In his Virginia studio I was amazed at several versions of Bach’s steel/metal heads, free standing and wall pieces – all sizes, intricately laced steel, some round and open-worked, others solid and angular. I believe he said these were being prepared for a gallery. There were some table-sized silhouettes in steel on pedestals resembling work by Matisse and Picasso. The open-laced steel or metal maintains the plasticity and pliability giving Bach’s sculptures a notion of animation. These pieces could be easily incorporated into any art lover’s home or office setting.
“Modern,” he says, when asked again about his style. I am attracted to the Matisse-like work in Rick’s two-dimensional pieces in their simple and free forms. I recognize also Picasso-like tendencies to contract subtlety with the lyrical (musical) contours. Altogether Rick’s “modern” style runs toward a rhythm of movement. Like Matisse and Picasso, his paintings and three –dimensionals are absorbed by the spectra of reds, oranges, blues and yellows that shout out for attention. The metal, aluminum and steel work seems light in a texture of certainty and stability. It’s easy to see why architects and interior planners would give serious thought to using a piece like. Impressive.

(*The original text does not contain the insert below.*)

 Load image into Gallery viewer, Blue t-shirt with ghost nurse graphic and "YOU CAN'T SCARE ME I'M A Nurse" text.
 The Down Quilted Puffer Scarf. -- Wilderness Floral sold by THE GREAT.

In an art media article by Rice Gagliano in the “Weekend,” August 19, 1994, I noted the header, “Speed Metal Art.” It states a lot about a show called “Psychotic Episodes,” a series of 48 painted steel slabs, including a statement that Rick Bach wanted his work and technique to be taken seriously. He stresses that Rick didn’t want his work to be taken as just commercial art but beyond, even though he didn’t have a fine art background. Today, however, we see a modern fine art, Bach’s Art, that goes beyond traditional terms.

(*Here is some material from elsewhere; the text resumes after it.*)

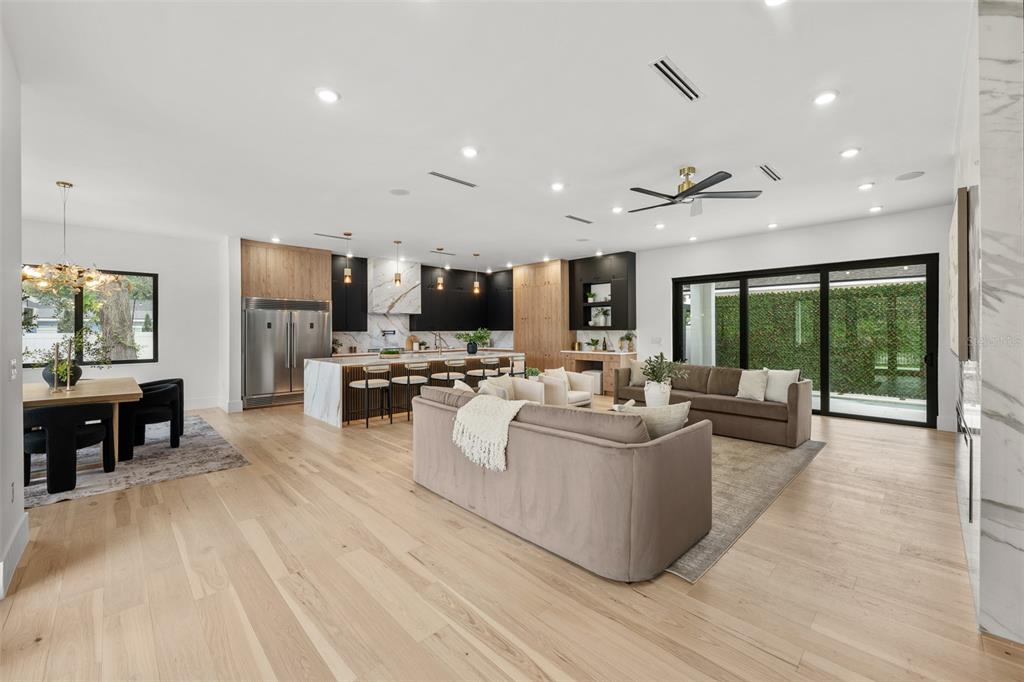 A modern two-story white house with a black metal roof and a second-floor balcony — 12870 N ARMENIA AVENUE, TAMPA, FL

It’s worth focusing on something else from that article by Gagliano. It’s Rick’s own outlook on all of this artistry. “Playing music is such a primal release, you know? Standing there and screaming at the top of your lungs. It’s so immediate. And ‘painting’ …. it’s just as satisfying when its finished, but it’s a lot more painful, I think, to do.”
So, look for modern art of the fine featured, unusually soft-spoken, unassuming, classically, maybe you could say beautifully, bald Rick Bach. Impressive. Bach’s Art Rocks.